中調子の本性を見抜くためには、シャフトの剛性分布図(EI図)を参考にしましょう。表の左側が先端で右側が手元側。硬さを表す縦軸は上が硬くなるので右肩上がりの図になります。最近はメーカーさんもこの図を公開してくれてします。
ただメーカーによって基準が違うので、硬さを表す数字の比較はできません。線の波を判断材料にします。前述した基本のシャフトは、右肩上がりのほぼ直線です。曲線の少ないモデルは剛性の強弱が小さくなるため、極端にしなる場所がありません。逆に曲線が大きく、波が複数ある場合は、しなるポイントが複雑と読み取れます。同じ中調子でも波が複数あるものは、中間が軟らかくて中間がしなるものとは違います。
私のお店では、調子という表現はしていません。先しなり、中しなり、元しなり、両しなりと、〝しなり〟という表現で4つに分類してフィッティングしています。その方が間違いは起こりませんからね。
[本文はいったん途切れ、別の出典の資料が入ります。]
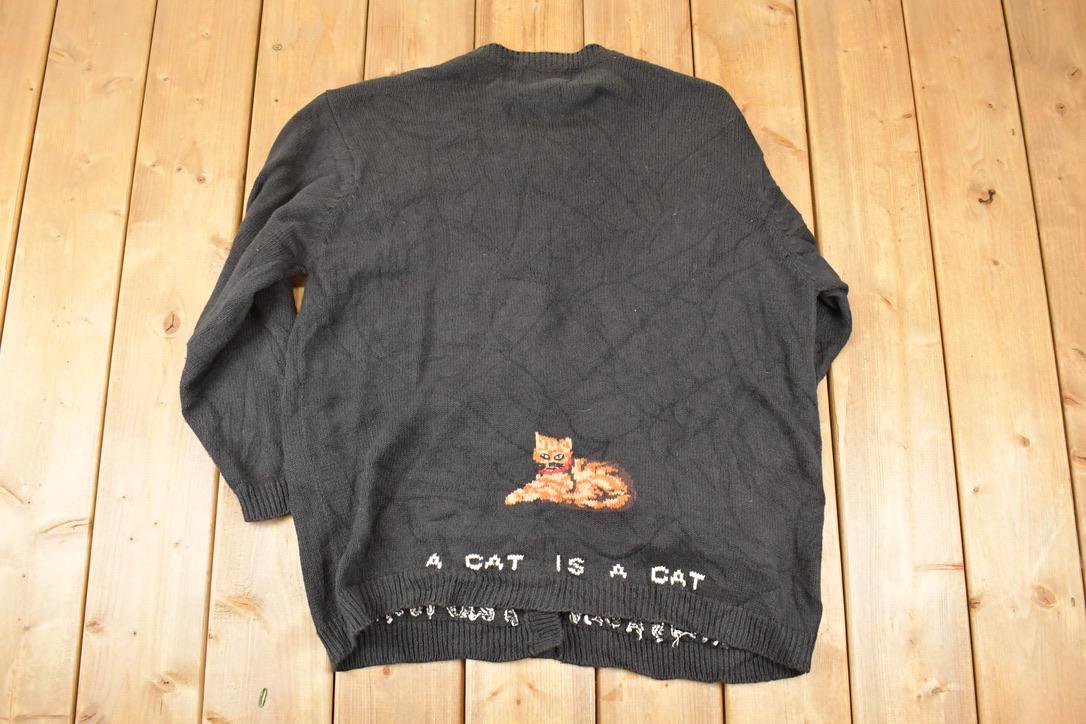 Vintage 1990s The Quacker Factory AOP Embroidered Cat Knit Cardigan Sweater Women's XL  90s Knitted Sweatshirt  Vintage Preppy Knits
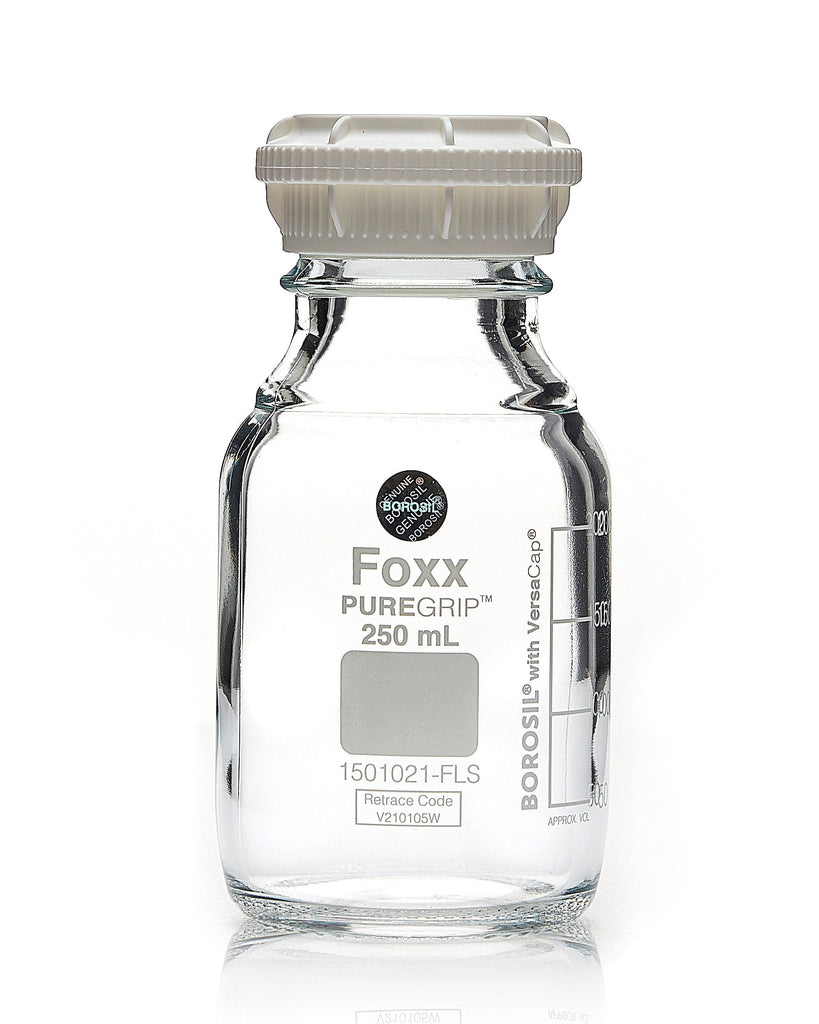 PUREGRIP® Bottles - Reagent - Graduated with GL45 Screw Cap and Pouring Ring - 250 mL - 10/case - SolventWaste.com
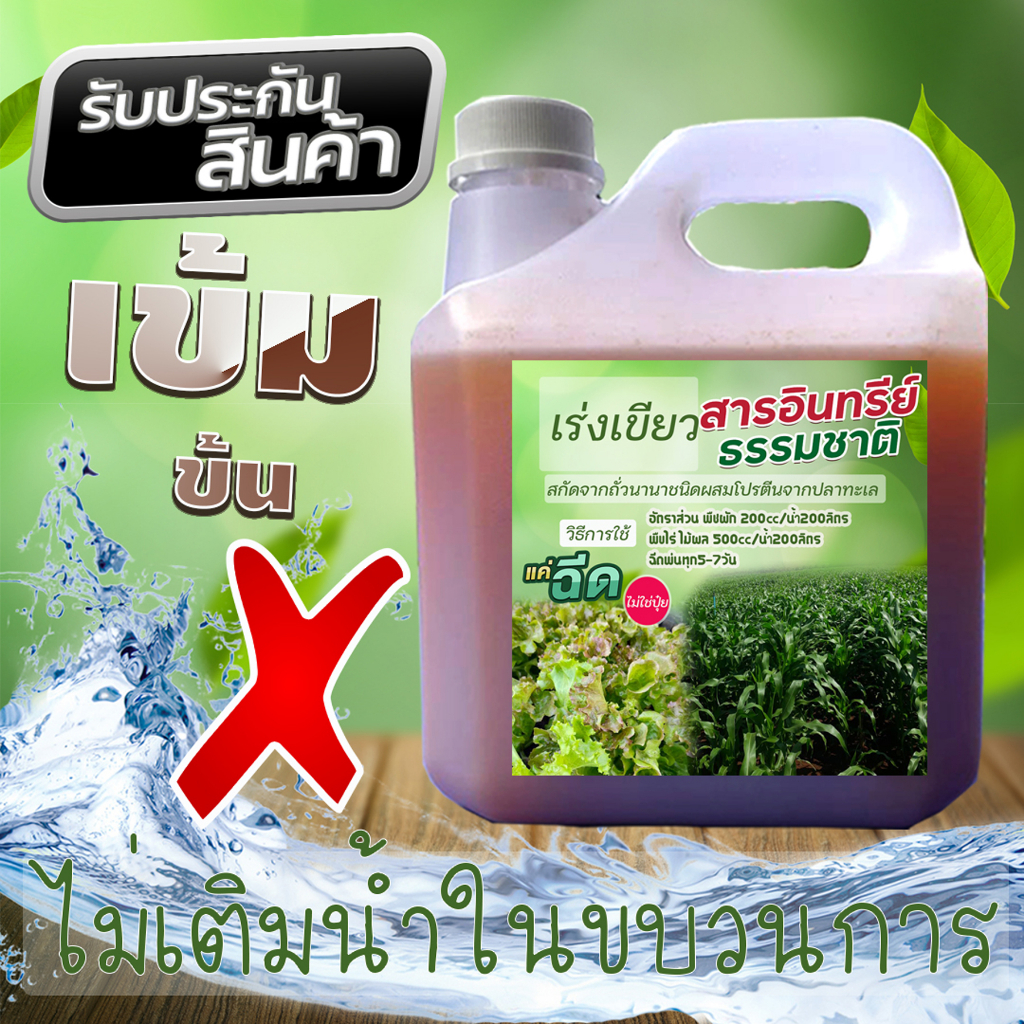 เร่งเขียว สารอินทรีย์ธรรมชาติ สูตรเข้มข้น ขนาด 1 ลิตร ไนโตรเจนสูง อินทรีย์ ชีวภาพ พืชใบเขียว โตเร็ว ฟรี!! ธาตุอาหารเสริม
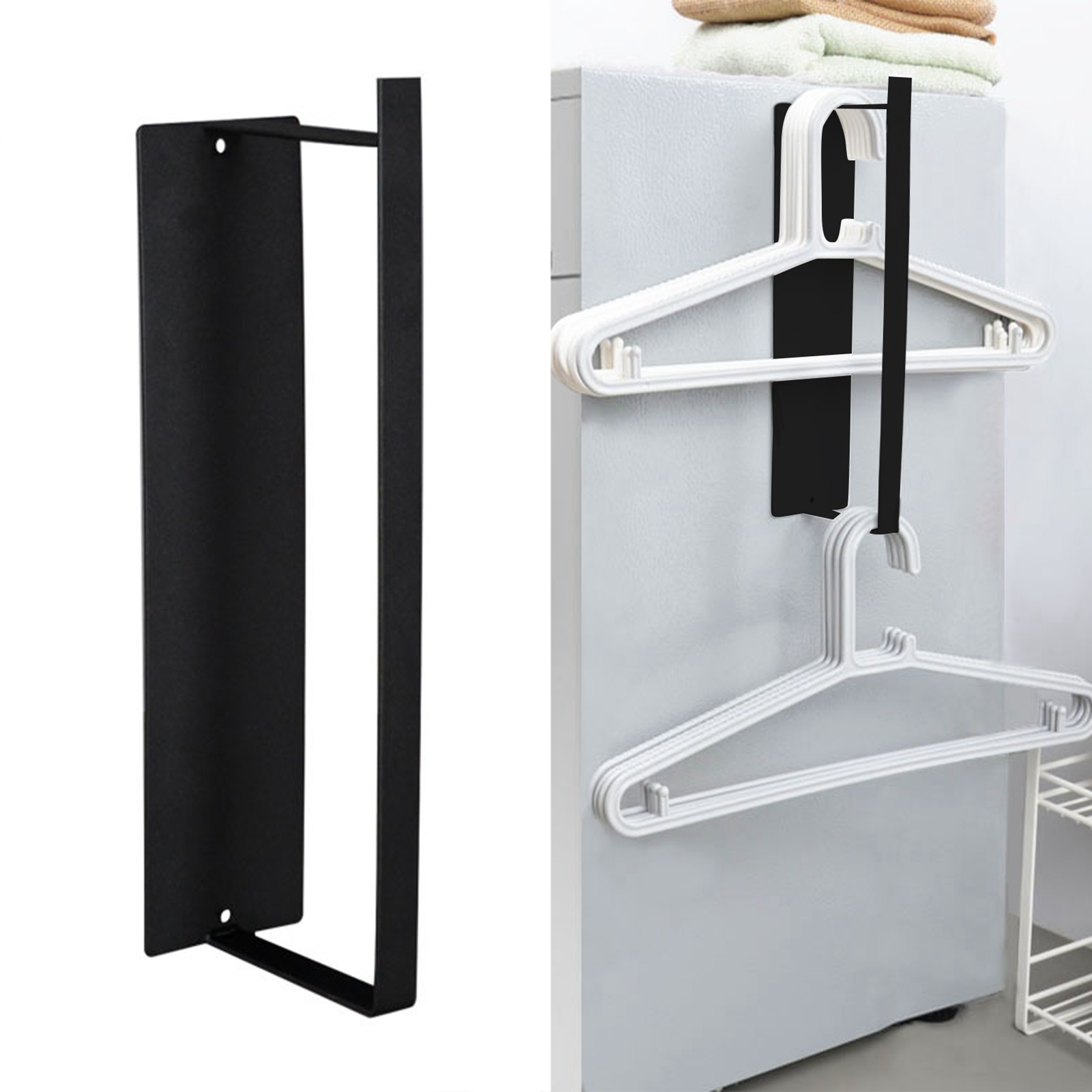 Seitlicher Wäscheständer Für Waschmaschinen, Magnetischer Aufbewahrungsständer Ohne Bohren Für Kleiderbügel. Material: Eisen.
ちなみに、〝クセのないシャフト〟というフレーズを聞いたことがあると思います。先ほどの基本のシャフトとも近いですが、実はメーカーによって基本の設計思想が異なり、いわゆる〝クセのないシャフト〟も特性が違ってきます。私は前述した手元側が硬く、先端に向かって軟かくなるのが、クセのないものと考えています。同様の考え方のメーカーもあれば、手元側と先端側の硬さを近づけて、全体が同じような剛性になるものを〝クセのない〟、基本と位置づけているメーカーもあります。この言葉も注意が必要です。
そういった表現や調子といった言葉に騙されず、剛性分布図で特性を見抜いたり、自分の振り心地を重視して選ぶことが大切です。
関雅史(せき・まさし)/1974年生まれ、東京都出身。PGA公認A級ティーチングプロの資格を持ち、クラブフィッティングも行う。東京・駒込のゴルフスタジオ「ゴルフフィールズ」で活動。